Methods for collecting qualitative data include:
Talking to someone one-on-one allows a researcher to cover more ground than may be covered if a respondent was completing a survey. The reason lies with the researcher’s ability to dig deeper into a respondent’s comments to find out additional details that might not emerge from initial responses.
Unfortunately, individual interviewing can be quite expensive and may be intimidating to some who are not comfortable sharing details with a researcher.
Watching customers as they perform activities can be a very useful research method, especially when customers are observed in a natural setting (e.g., shopping in a retail store, using products at home). In fact, an emerging research technique called ethnographic research has researchers following customers as they shop, work, and relax at home in order to see how they make decisions, use products and more.
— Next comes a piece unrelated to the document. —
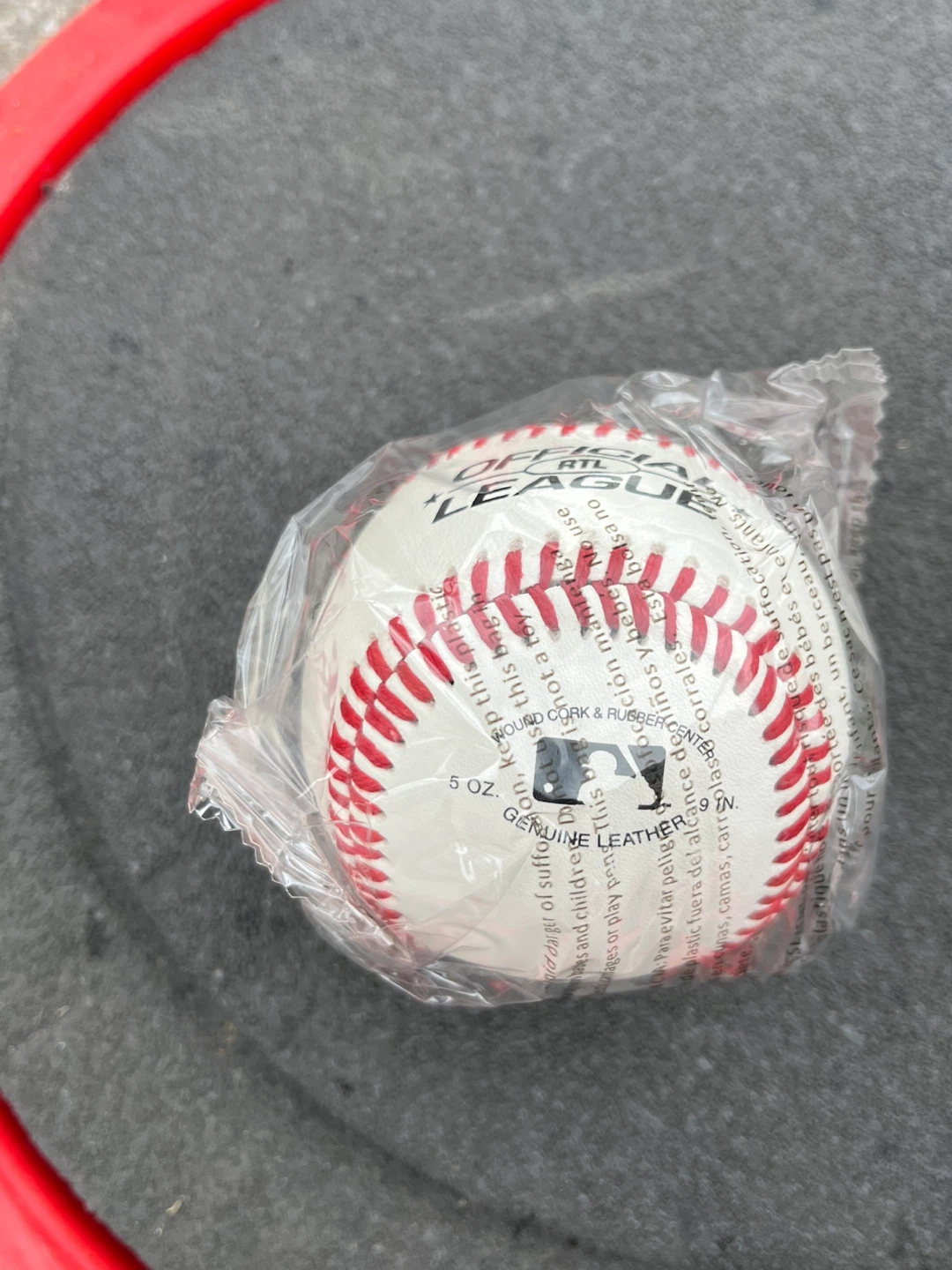 Official League Baseball (12)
To overcome the drawbacks associated with personal interviews, marketers can turn to focus groups. Under this research format, a group of respondents (generally numbering 8-12) are guided through discussion by a moderator. The power of focus groups as a research tool rests with the environment created by the interaction of the participants. In well-run sessions, members of the group are stimulated to respond by the comments and the support of others in the group. In this way, the depth of information offered by a respondent may be much greater than that obtained through individual interviews.
However, focus groups can be costly to conduct especially if participants must be paid. To help reduce costs, online options for focus groups have emerged. While there are many positive aspects to online focus groups, the fact that respondents are not physically present diminishes the benefits gained by group dynamics. However, as technology improves, in particular video conferencing, the online focus group could become a major research option.